Siakam and Green played the entire fourth quarter to protect the lead, Leonard and Kyle Lowry re-entered the game less than three minutes into the quarter to hold off the Warriors’ attempted comeback. Only Serge played significant fourth quarter minutes off the bench, with seven minutes in the quarter, and came close to breaking even in his minutes. (Ibaka was -2 in seven minutes in that quarter — which is good enough when defending a lead, though I’d expect a quicker trigger if the game was tied or the Raptors trailed.) Ibaka’s superlative play bought Gasol some rest and left him fresh to close the game for the final five minutes in which the Raptors were +3.
Just a master class.
With the usual exception, which Nurse seems to be doing just to give me heart palpitations at this point, Patrick McCaw once again saw the court in an NBA Finals game. It once again went poorly. McCaw played under two minutes (all in the second quarter) and went -3. At this point, his appearance on the court is a guarantee the Raptors will lose those minutes.
Thankfully, Norman Powell was given that role for the rest of the night, totalling just under 11 minutes and registering a +8. Overall, Powell had the best on-court net rating on the team (+33 points per 100 possessions) while McCaw posted a -73 net rating. On the series, Powell has played 43 minutes to a +21 net rating. McCaw has played 11 minutes to a -38 net rating.
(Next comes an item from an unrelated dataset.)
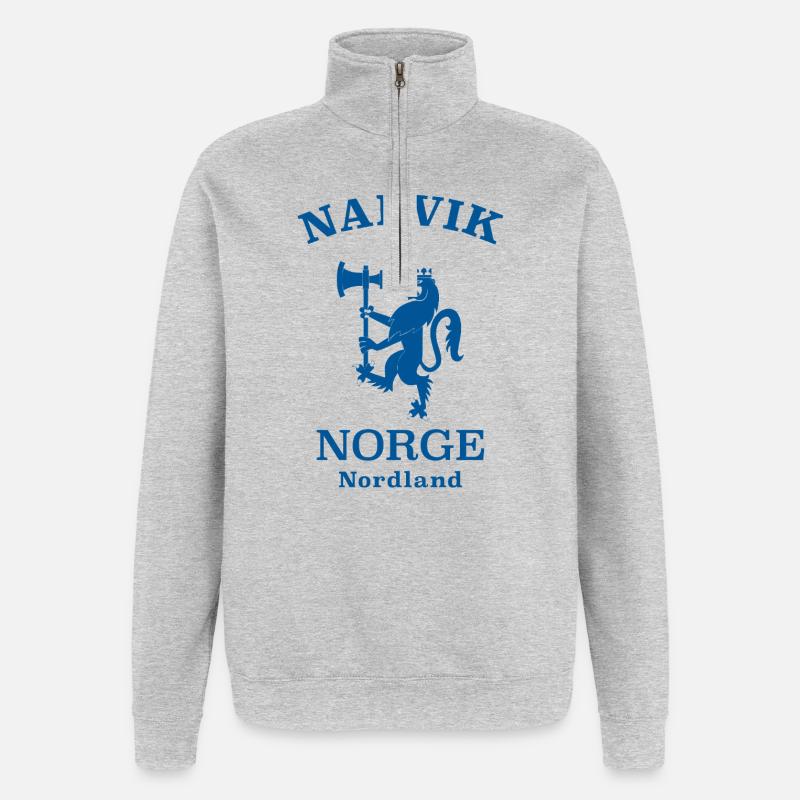 Narvik Norway Norwegen - Quarter-Zip-Sweatshirt - Grau meliert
In the playoffs as a whole, Powell has a +7 net rating in 343 minutes, while McCaw has a -17 net rating in 47 minutes played.
It’s so weird. But credit at least to Nurse that McCaw has cannibalized only 20 percent of Powell’s minutes in this series, even if I don’t understand why it would be anything above zero percent.
All stats per NBA.com unless otherwise noted.